▶ **Activity**
Please give the whole listing again exactly, without any of its pictures.

▶ **Provided data**
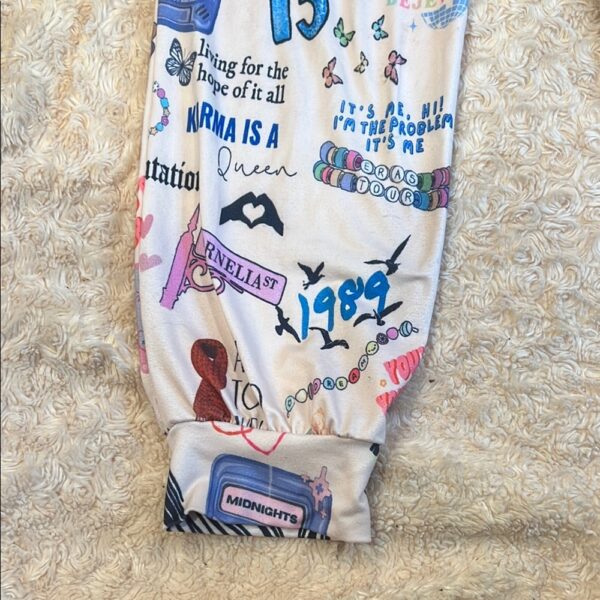 Kids Taylor Swift Graphic Jogger/Pajama Pants, Size XL
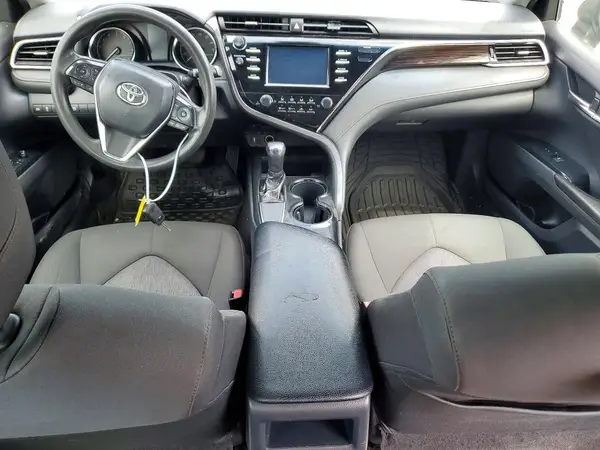JTNB11HK0J3011660 2018 TOYOTA CAMRY - Image 8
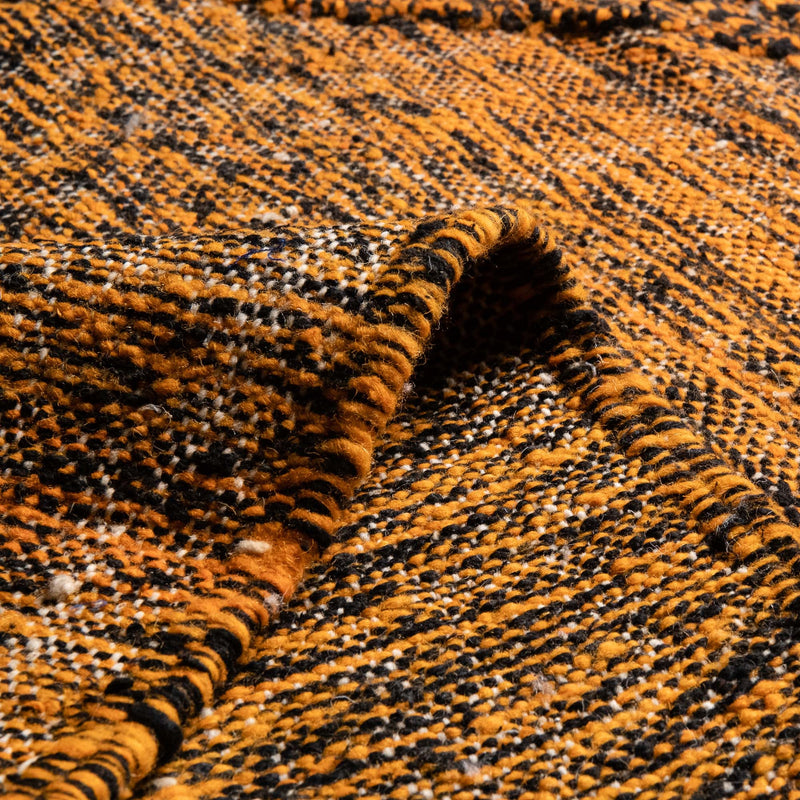 Inji - taznakht kilim rug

▶ **Output of the task**
 Kids Taylor Swift Graphic Jogger/Pajama Pants, Size XL
JTNB11HK0J3011660 2018 TOYOTA CAMRY - Image 8
 Inji - taznakht kilim rug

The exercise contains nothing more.